According to the article, Apple engineers met with representatives for technology providers like HID Global and Cubic to discuss expanding NFC in the iPhone 6 and iPhone 6 Plus to new uses such as replacing a public transit card or a secure building access keycard.
Reporter Amir Efrati has learned that the new iPhones could effectively replace the NFC-based Clipper card used for California’s Bay Are Transit System.
Clipper cards could be easily uploaded into an iPhone 6 or iPhone 6 Plus and the handset’s Secure Element could be used to store related information. As a result, users could be allowed to tap their phones at the BART turnstiles in order to “transmit the information to the card reader using the iPhone’s NFC chip”.
The NFC chip in the handset taps the Secure Element to store device identification number and tokens used for mobile payments. This data is stored in an encrypted form, walled off from apps and the rest of the system and never gets synced to Apple’s servers.
It’s unclear whether Apple might realize the aforementioned partnerships by opening up NFC to third-parties. Though the company currently prohibits iOS developers from using NFC, the move wouldn’t be unheard-of: the Touch ID debuted as an Apple-exclusive before the firm opened up the fingerprint scanner for third-party development with the arrival of iOS 8 this Fall.
In other NFC news, leading NFC-terminal maker VeriFone is prompting its clients to upgrade their payment terminals with NFC to get ready for Apple Pay, which has been found to work out of the box with any NFC-outfitted payment terminal.
And as merchants like CVS and Rite Aid shut down NFC access on their terminals in order to render Apple Pay and Google Wallet unusable during checkout, iOS and Android users have banded together on Reddit to boycott this unethical NFC payment blocking.
Merchants like Gap, Old Navy, 7-Eleven, Sears, Kmart and others are pursuing their own system called CurrentC. Developed by Merchant Customer Exchange, CurrentC bypasses credit card companies and instead prompts users to install a free mobile app.
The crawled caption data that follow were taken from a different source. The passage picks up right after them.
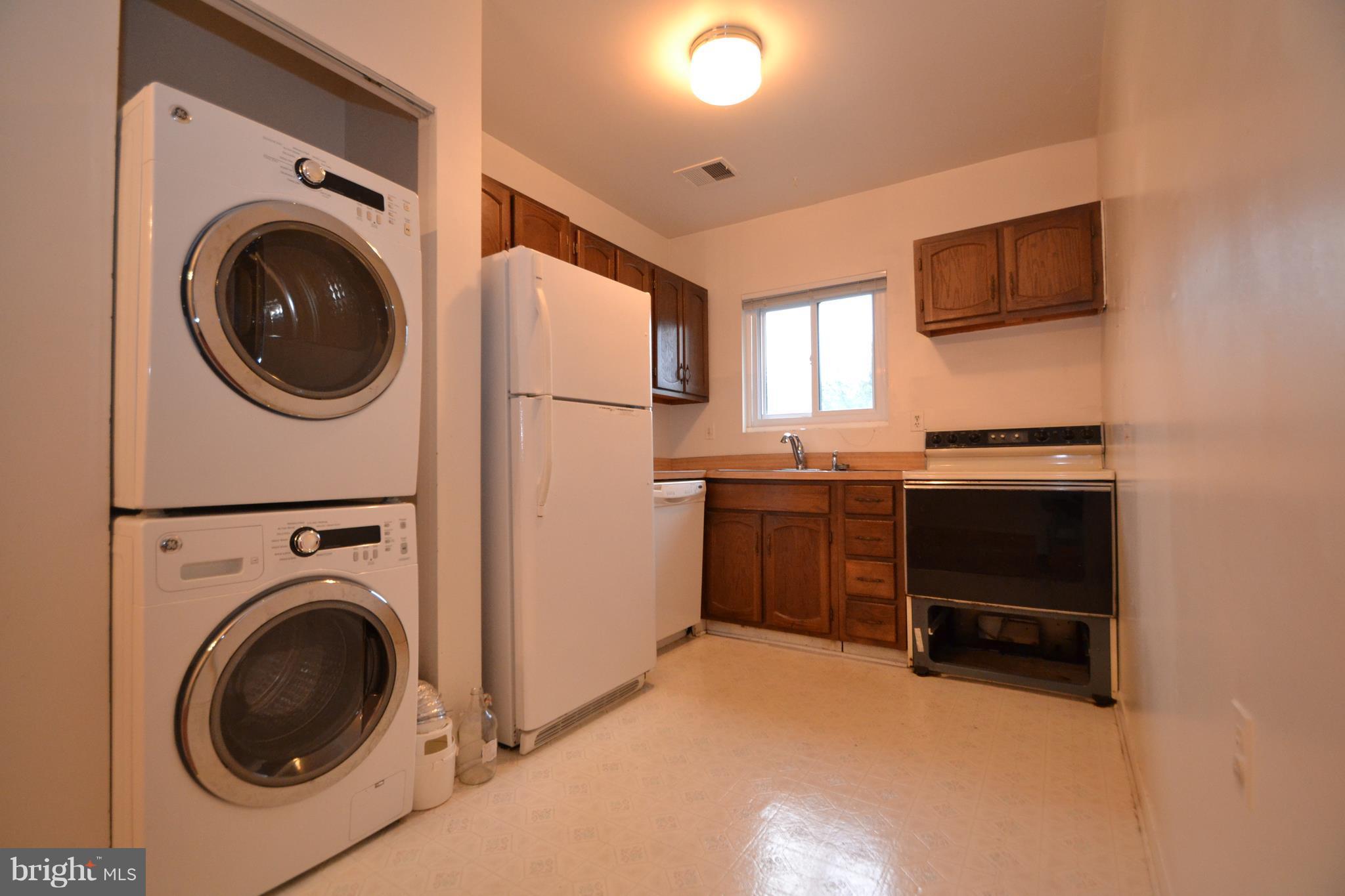 3922 Rolling Rd., Unit A5 Baltimore, MD 21208 - Photo 4 of 8 a view of a kitchen with washer and dryer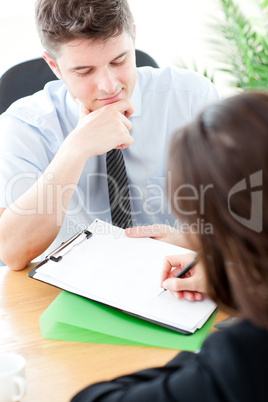 Charismatic  businessman showing a contract to a customer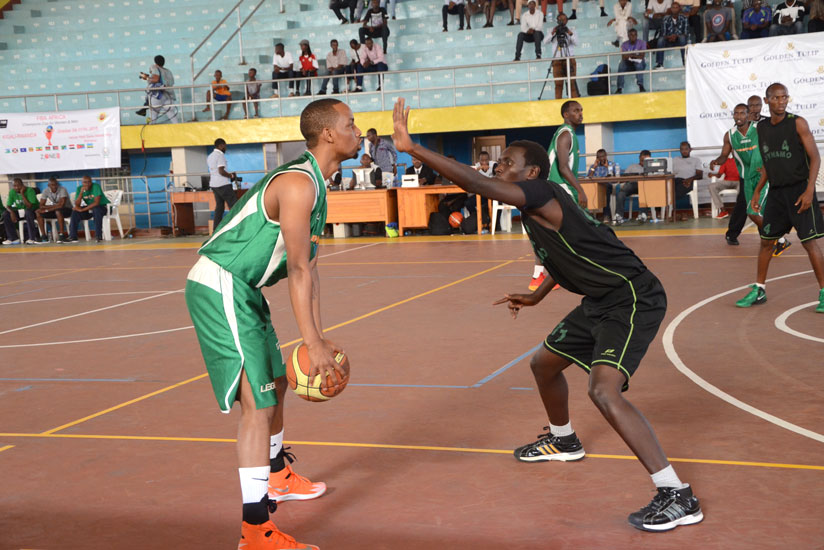 Lionel Hakizimana holding a ball blocked by Dynamo Players during the match against Burundi's Dynamo BBC yesterday. (Sam Ngendahimana)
Using the mobile app, would-be CurrentC users can provide their banking information and social security number in order to directly charge their bank account at the point of sale. All CurrentC transactions automatically keep track of a user’s merchant-issued loyalty programs and reward points.
CurrentC also allows merchants to collect a trove of personal information about shoppers during the checkout. Compared to the simplicity of Apple Pay, CurrentC is a multi-step procedure requiring scanning a barcode shown at the payment terminal with a smartphone.